James McGregor (Sheen) is an American ex-cop turned novelist who, after seeing one too many nasty crimes, has deserted his family and shacked up in Glasgow, Scotland. Wallowing in self pity, McGregor is accused of a killing when a dead girl turns up in his back yard. Convincing the cops he is innocent and that a killer is setting him up, McGregor high tails it into the highlands to get away from the madness. However, Inspectors Ballantine (Halsey) and Turner (Millicevic) want him to join the police team in their hunt for the killer. It’s only a matter of time before McGregor agrees and the search for the killer is on.
So far, so standard. What is refreshing about this film is the setting. Having the action take place in Glasgow may seem a little odd but it is a nice change from Los Angeles or New York. We get to see a lot of Scotland’s architecture and countryside as McGregor and the police chase the killer through city streets, graveyards and various other local settings. Part of the appeal is perhaps seeing a Hollywood actor run around the middle of Glasgow (not something you would often see, I assume). People of a Scottish persuasion may be irritated by the fact that an American has to show the local police how to find the killer. This is a valid point, though Sheen being American makes his character more of an outsider and gives him a sense of loss while tracking a killer in an alien country.
Sheen (credited as Charles here) works well in this film, showing that there is still an actor inside him. In the earlier scenes, and presumably drawing from personal experience, he portrays the alcoholic, disheveled McGregor convincingly. Once he is on the case, Sheen plays his character as a man desperately trying to stop the bad that is happening (though his transformation from drunk to hero seems to just involve having a shave). But Sheen and the script never turn McGregor into a gun-toting, gung-ho saviour. He is very much an ordinary man, who makes mistakes and finds himself caught up in something unbelievable. McGregor never resorts to using a gun and there is no improbable romantic subplot. The rest of the cast do well with their one-dimensional characters. Halsey (Mean Guns) as Ballatine is good support but obviously struggles with his Scottish accent.
The pace of the film is perhaps what makes it work. Some reviews have commented that the film drags in some scenes. This is true but making the film a bit longer at 105 mins, the filmmakers have been able to explore the reasons for the killer’s actions with more intensity and maturity than most serial killer flicks. Using flashbacks and revealing the killer earlier on allows us to see what drives the killer to do what he is doing. There is no quick, convoluted exposition blurted out in the final scene by the killer in order to explain why he is murdering. The film takes time to show what a flawed but no less evil person the murderer is. This makes the character a real monster compared to the cartoon monsters that most thrillers portray their villains as. The gore is kept to a minimum and used wisely, though there is an unnecessary amount of gratuitous nudity.
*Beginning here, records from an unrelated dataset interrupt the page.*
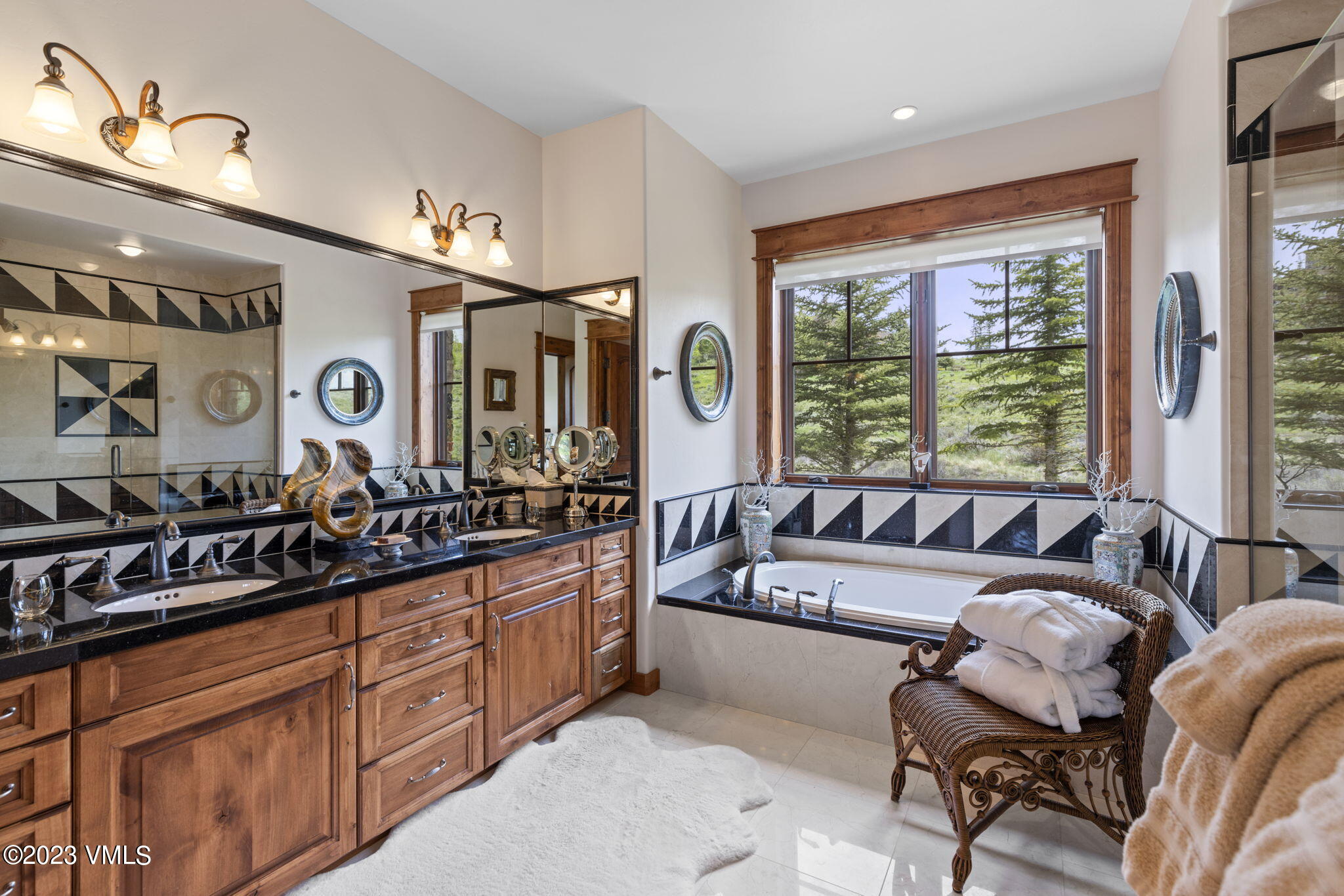 940 Summit Trail Edwards, CO 81632 - Photo 38 of 64 a living room with furniture and windows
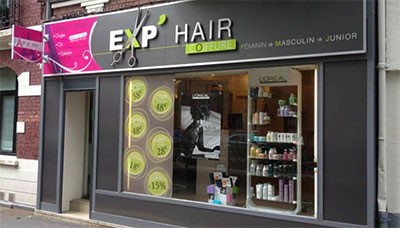 Devanture d'un coiffeur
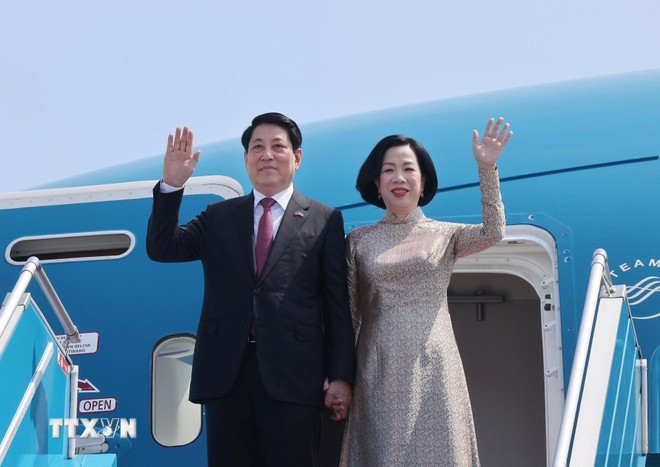 越南国家主席梁强及夫人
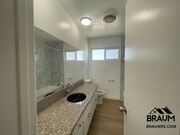 Photo - 6041 Whitsett Ave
Pyun hasn't always been renowned for coherence in his pictures, but here he seems to be learning to let scenes run a little longer and have actions explained: he doesn’t seem to have been pressured to cut out huge chunks in order to get that coveted 90 minute run time. George Mooradian’s camerawork is another bonus. The camera flows and swoops around characters and action giving the film a sense of momentum and freedom. Though this technique is overused a little, it is particularly effective in the scene where McGregor and the police pursue the killer through the streets of Glasgow.
With a somber tone and a slightly more thought provoking ending than one would expect, this was a surprisingly entertaining film. In a market flooded with direct-to-video fodder (and I’ve seen a lot…a bloody lot) Postmortem is a worthy attempt at trying something different with the serial killer genre.